Not that Corbyn would ever accept the will of the party members (2nd ref unanimous), but on the basis of voters sounds like 2ndRef is likely to be fully dead from Labour, if the PLP takes this vote as indicative:
Voters less likely to back Labour with 'stop Brexit' policy, leaked poll suggests
From the IWCA:
“Coming out unequivocally against Brexit damages Labour less in purely electoral terms than coming out for it, as much of Labour’s working class base deserted the party long ago. The Oxford researchers Jon Mellon and Geoffrey Evans found in 2014 that ‘Labour’s move to the ‘liberal consensus’ on the EU and immigration left many of their core voters out in the cold a long time before UKIP were an effective political presence. These voters left Labour in 2001, 2005 and 2010.’ Labour accepting the liberal agenda on first Brexit, and then presumably everything else, only further exacerbates this process.
If one wants to give the Corbyn leadership some credit, one might say they at least have some vestigial awareness of the danger taking this path entails. When Transport Secretary Chris Grayling recently said that blocking Brexit would 'open the door to extremist populist political forces in this country of the kind we see in other countries in Europe’, Labour’s David Lammy accused him of ‘gutter politics’ and ‘appeasement’ while Nick Ryan of Hope Not Hate said the remark ‘simply plays into the hands of those extremists seeking to use Brexit as a platform to boost their profile.’

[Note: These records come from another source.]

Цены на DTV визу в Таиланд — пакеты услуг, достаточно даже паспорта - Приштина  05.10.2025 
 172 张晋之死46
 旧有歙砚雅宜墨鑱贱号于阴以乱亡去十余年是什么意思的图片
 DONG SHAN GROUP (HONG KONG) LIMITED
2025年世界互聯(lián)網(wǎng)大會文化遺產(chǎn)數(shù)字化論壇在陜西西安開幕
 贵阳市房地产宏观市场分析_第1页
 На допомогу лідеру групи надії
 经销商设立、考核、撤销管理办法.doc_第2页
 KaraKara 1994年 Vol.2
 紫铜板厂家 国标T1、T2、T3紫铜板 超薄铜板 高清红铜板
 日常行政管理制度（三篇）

While Grayling’s timing may well have been cynically motivated, the observation is not wrong. What most of the political, economic and media elite have wanted since the Brexit vote is as close to neo-liberalism as usual as possible, with the minimum of disruption emanating from this democratic aberration. Should they succeed, any semi-competent populist right movement would be able to adopt a narrative of class and democratic betrayal, and position themselves as the alternative to the entire condescending liberal establishment. It’s a narrative that would have resonance for one simple reason: there would be a good deal of truth to it.
And where the BNP took over half a million votes at the 2010 general election, close to a million in the 2009 Euro election, and UKIP 3.8 million votes in 2015, this narrative would in the first instance have a pool of 17 million disproportionately working class Leave voters to pitch to. So while middle-class ultra-Remainers like to pitch the idea that Brexit = fascism, it is the contempt for democratic expression, and the longer-term fundamental retreat from class politics by the left, that creates the imminent risk. Furthermore, there is nothing the Labour party can do to address this: it is a task for the class itself and those who believe in it as the ultimate agent of change.